African
people throughout the world are uniformly under the yoke of white
supremacy. This has created tremendous problems for us as a people.
There are solutions to these problems that we must be reminded of
time and time again. These solutions have come from the wisdom of the
ancestors and their deep thought.
Our
thinkers and activists of the nineteenth and twentieth-centuries have
set forth many of the solutions to the problems and crisis of African
people. From time to time, movements have unfolded that have picked
up on the ideas of these thinkers and activists. When this has
occurred serious challenges to breaking the yoke of white supremacy
seemed within reach. However, due to internal and external
manipulations of these movements they became short lived. For
example, one of the most successful of these movements was the Garvey
Movement of the 1920s.
As
African people in the twenty-first-century, it is imperative that we
collectively join and participate in the Reparations Movement as we
seek to dismantle white supremacy.
Let
us briefly examine some of the ideas our leaders presented in the
nineteenth and early twentieth centuries that should be the
foundation for establishing the framework for the growing Reparations
Movement at this critical juncture in the history of African people.
Jean
Jacques Dessalines, one of the leaders of the Haitian Revolution in
the late eighteenth and early nineteenth-centuries said, “Never
again shall a colonist, or European, set his foot upon this territory
with the title of master or proprietor. This resolution shall
henceforward form the basis of our constitution.”
Henry
Highland Garnet, a min-nineteenth-century Black Nationalist thinker
and organizer explained, in the following statement that African
people need “…a grand center of Negro nationality, from
which shall flow the streams of commercial, intellectual, and
political power which shall make colored people respected
everywhere.”
Martin
Robeson Delany, Harvard trained physician of the
mid-nineteenth-century and leading Black Nationalist espoused, “We
must act for ourselves—We are a nation within a nation; as the
Poles in Russia, the Hungarians in Austria, the Welsh, Irish, and
Scotch in the British dominions. But we have been, by our oppressor,
despoiled of our purity, and corrupted in our native characteristics,
so that we have inherited their vices and but few of their virtues,
leaving us really a broken people.”
Edward
Wilmot Blyden, a leading educator and Pan Africanist of the mid and
late nineteenth-centuries said, “We need some African power,
some great center of the race where our physical, pecuniary, and
intellectual strength may be collected. We need some spot where such
an influence may go forth in behalf of the race as shall be felt by
the nations. We are now so scattered and divided that we can do
nothing… So long as we remain thus divided, we may expect
imposition… An African nationality is our great need…

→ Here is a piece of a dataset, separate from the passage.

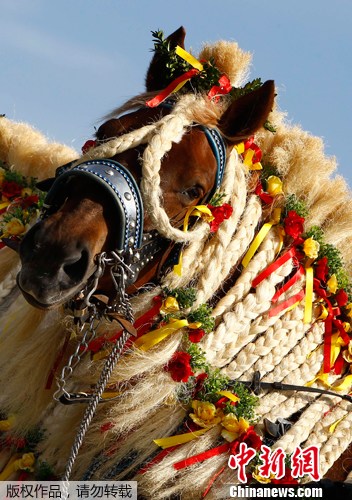 点图查看下一页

We must build up Negro States; we must establish and maintain the
various institutions.”
One
of the greatest Pan Africanist and Black Nationalist leaders of the
twentieth-century, Marcus Mosiah Garvey succinctly states, “Africa
for the Africans at home and abroad.”
Another
great Black Nationalist leader of the twentieth-century, the
Honorable Elijah Muhammad challenged that “we must do for
self.”
Professor
Joseph Harris in commenting on the work of William Leo Hansberry, one
of our leading authorities on African History in the
twentieth-century said, “Hansberry realized that the African
students not only had to contend with life in this racist country,
but that they also had the obligation to return to their countries
with both the skills acquired at Howard and an Afrocentric
perspective of their heritage.”
Finally,
the editorial commentary in the Afrocentric World Review, Vol. I,
No. I, Winter 1973, explained, “In this crucial world wide
scramble for Africa, African minds and African bodies, we must
proclaim in our own right African interest first… Blacks must
cease becoming a vest pocket people for other national interests and
world pursuits, and hasten to revive the age old traditional quest
for a World African Center that will make us once again masters in
our own house.”
In
this spirit, let us listen to the wisdom of our ancestors as we
continue to forge ahead in strengthening our Black Liberation and
Reparations Movements. Our challenge is to study our history, listen
to the wisdom of our ancestors, and take appropriate action. Long
live the Spirit and Wisdom of our Ancestors!